- **What the exercise asks**: Find the line below with "Brand New Modern" and the line with "Vtech toet toet". Output them and the lines between, exactly, but not the pictures.

┄┄┄┄┄┄┄┄┄┄┄┄┄┄┄┄┄┄┄┄

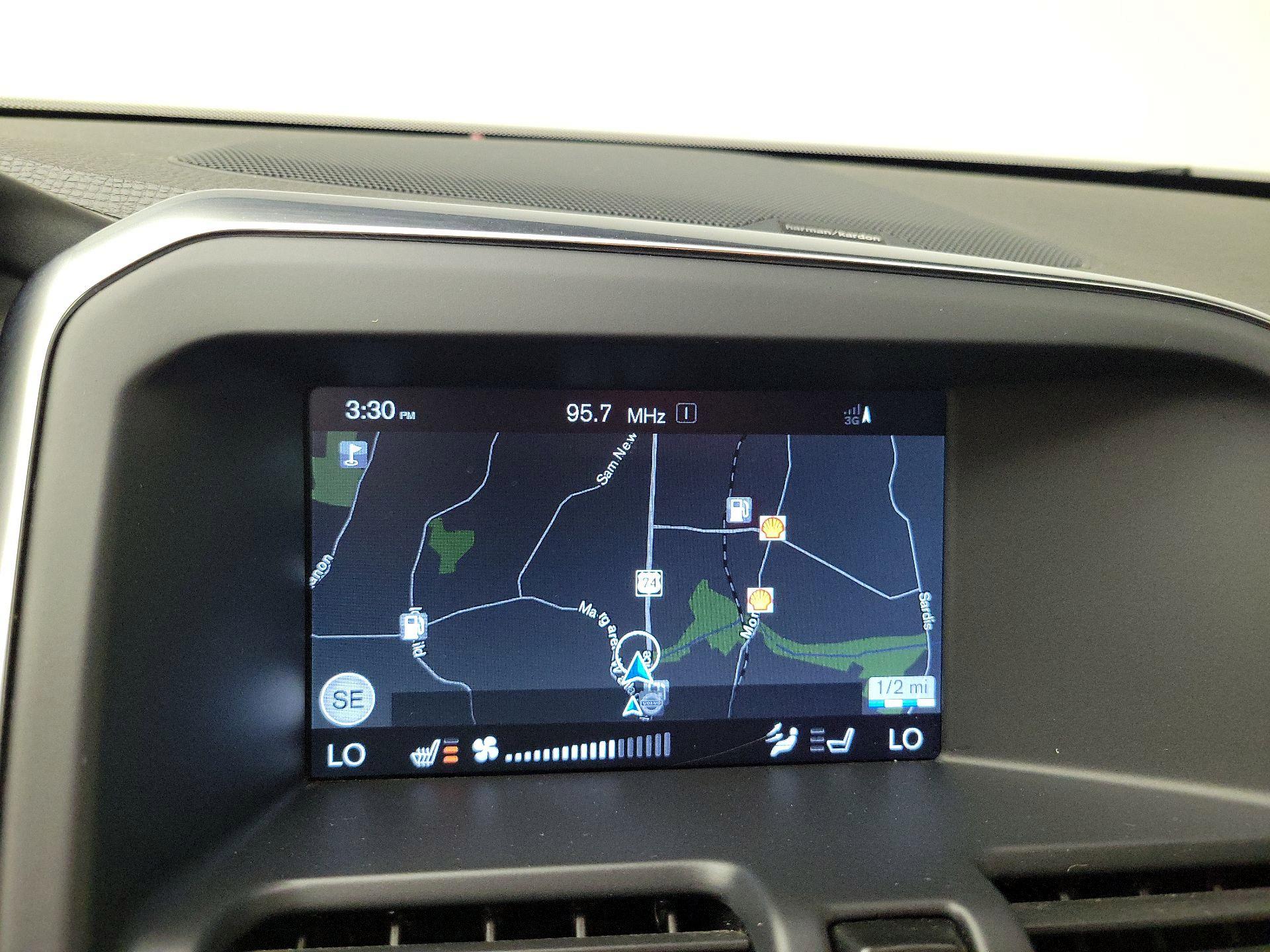 Thumbnail: 2016 Volvo XC60 - 14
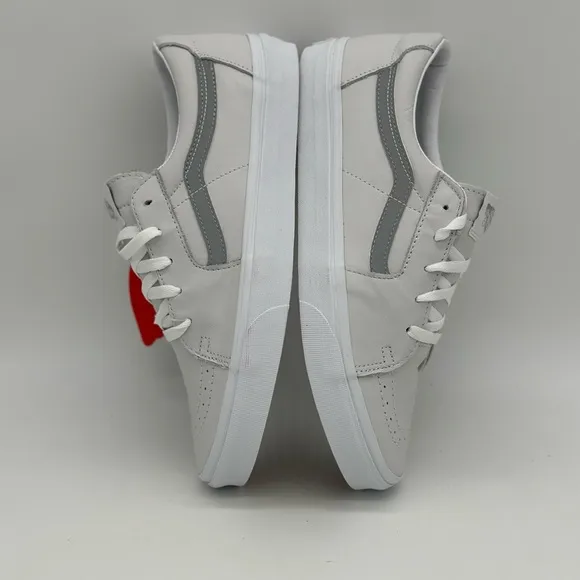 Vans Men's Gray and White Sneakers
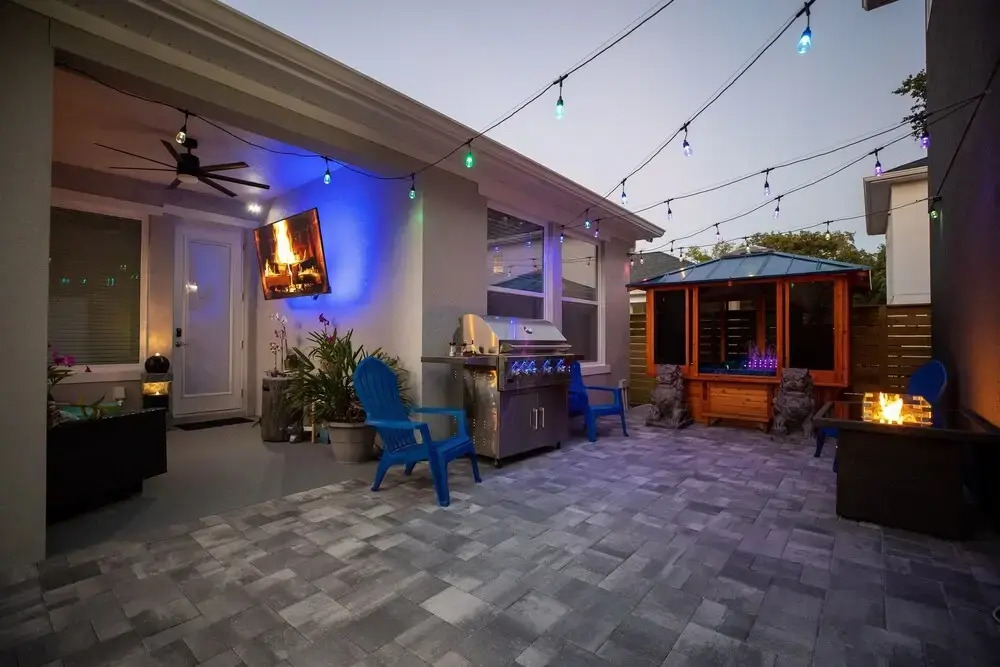 Brand New Modern Pet Friendly Zen Home W/ Private Home Theater & Hot Tub! 2 Bedroom Home by RedAwning
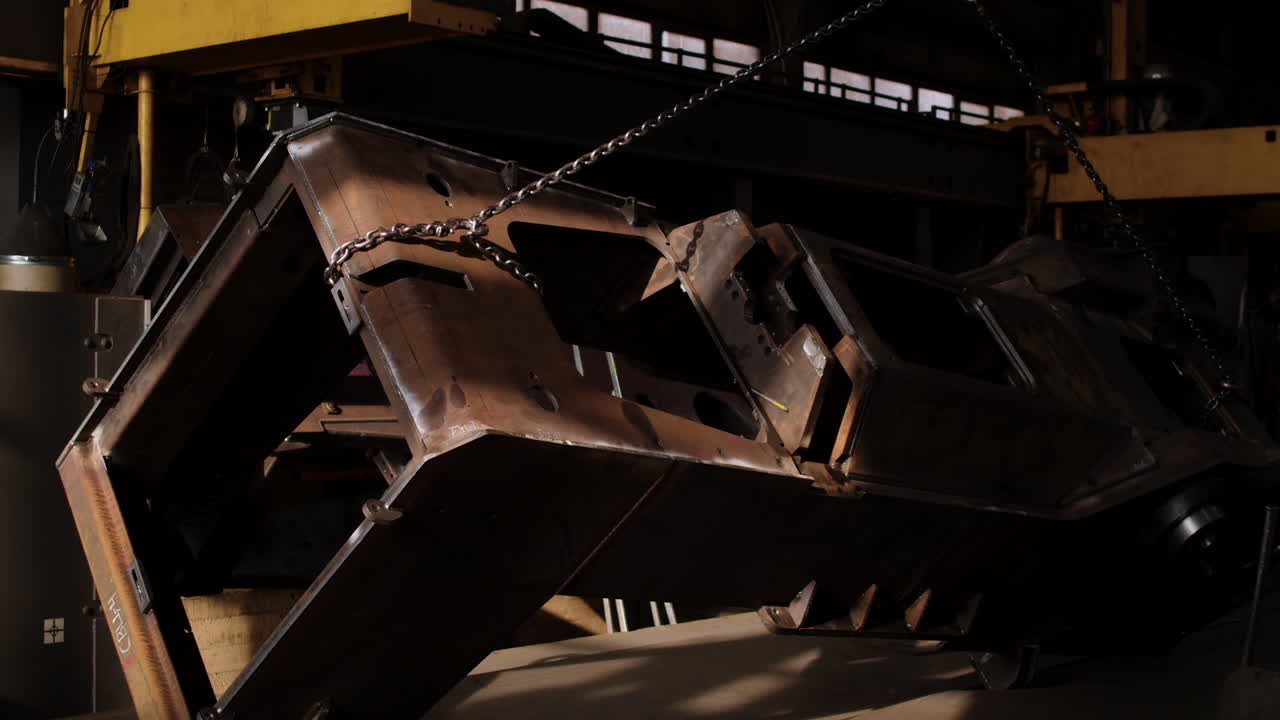 공장 내에서 일하는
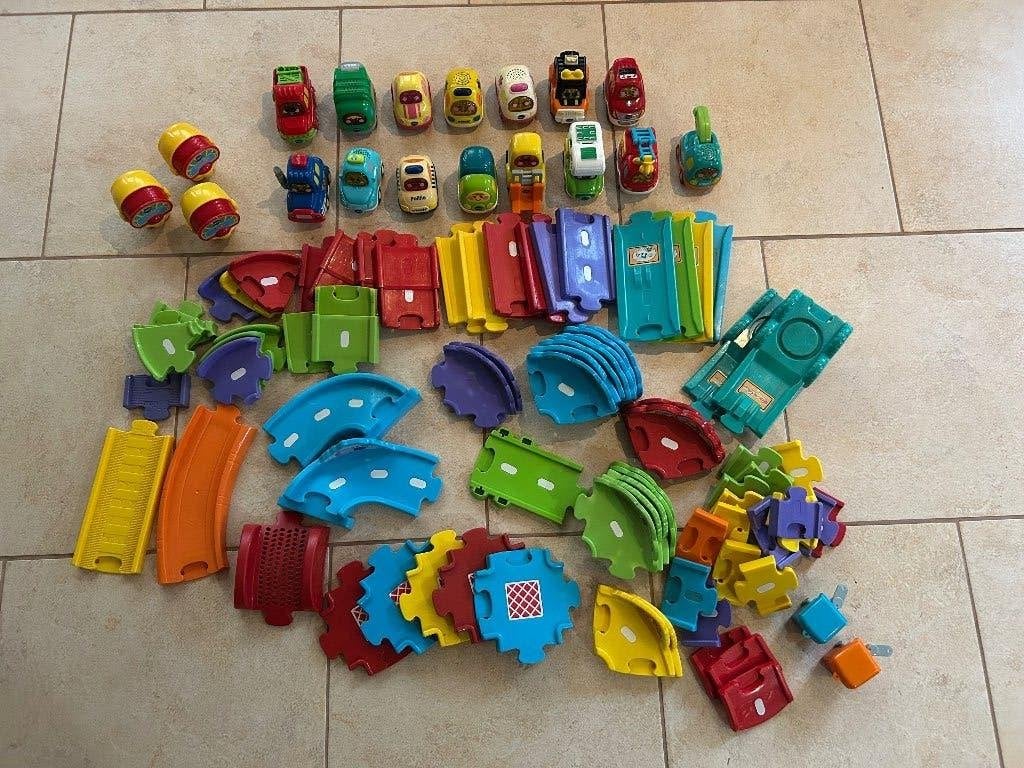 Vtech toet toet auto’s losse onderdelen en auto’s, Kinderen en Baby's, Speelgoed | Vtech, Ophalen of Verzenden, Gebruikt, 2 tot 4 jaar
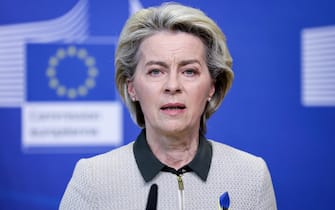 epa09807073 President of the European Commission Ursula von der Leyen delivers a statement next to Italy's Prime Minister prior to a meeting at the Berlaymont Building, headquarters of the European Commission, in Brussels, Belgium, 07 March 2022. Both leaders discussed the new sanction enforcement package EU is working on against Russia.  EPA / KENZO TRIBOUILLARD / POOL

┄┄┄┄┄┄┄┄┄┄┄┄┄┄┄┄┄┄┄┄

- **Task solution**:
 Brand New Modern Pet Friendly Zen Home W/ Private Home Theater & Hot Tub! 2 Bedroom Home by RedAwning
 공장 내에서 일하는
 Vtech toet toet auto’s losse onderdelen en auto’s, Kinderen en Baby's, Speelgoed | Vtech, Ophalen of Verzenden, Gebruikt, 2 tot 4 jaar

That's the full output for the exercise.